What exactly is the Unit Cell?
Now we’ve referenced the unit cell constantly, and you might even begin to have a fuzzy impression of what it might be, but what exactly is unit cell?
The unit cell is an imaginary box that contains a set of atoms arranged in a particular manner. When the atoms are repeated in 3-dimensional space, the entire crystal structure is created. When defining a unit cell or even crystal structures in general, the following parameters need to be known:
- Lattice Parameters/ Lattice Constant: These parameters give an accurate measurement of the geometry of the unit cell. They include the lengths of the edges of the unit cell (a, b, c) and each of the angles between them (α, β, γ).

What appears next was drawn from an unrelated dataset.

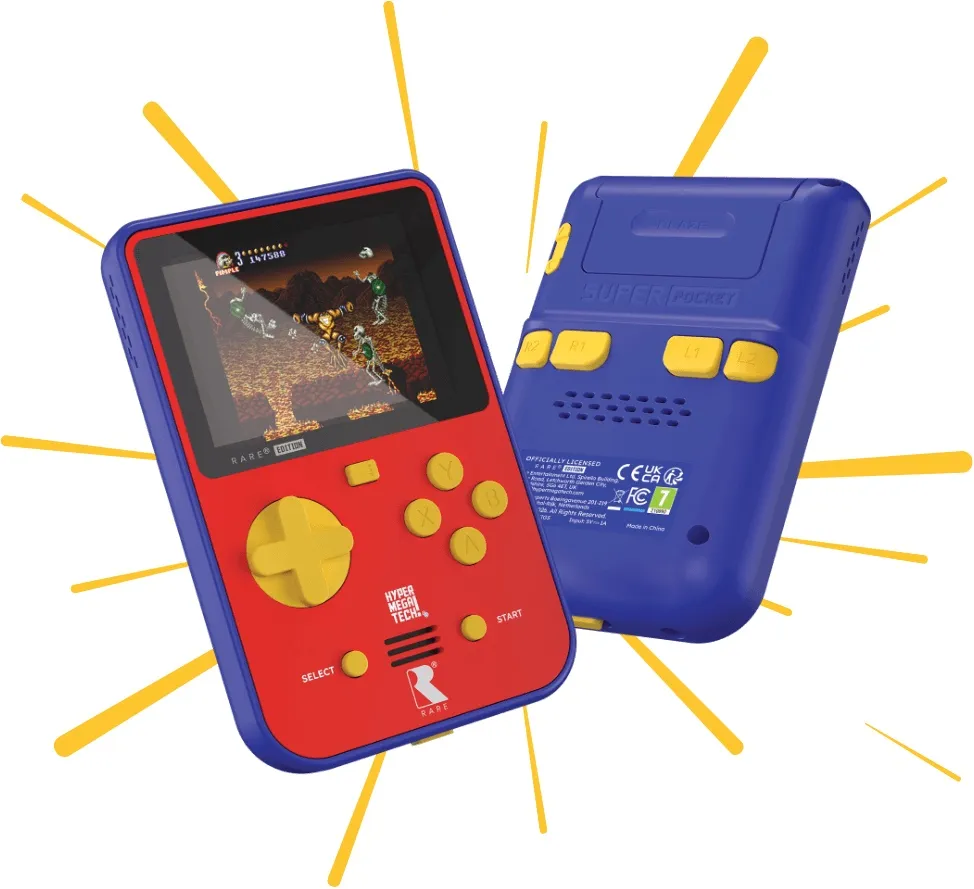 Rare Super Pocket handheld in red with yellow buttons, front and back view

- Symmetry: This is the way that the unit cell can be reflected or rotated without a change in its overall appearance.
- Coordination Number: This is the number of neighboring or more precisely, touching atoms to a single atom.
- Atomic Packing Factor (APF): This is the ratio of the volume of atoms that can be contained in a unit cell. APF is calculated by dividing the volume of atoms in a unit cell by the total unit cell volume.
\[\text{APF} = \frac{\text{volume of atoms in a unit cell}}{\text{total unit cell volume}}\]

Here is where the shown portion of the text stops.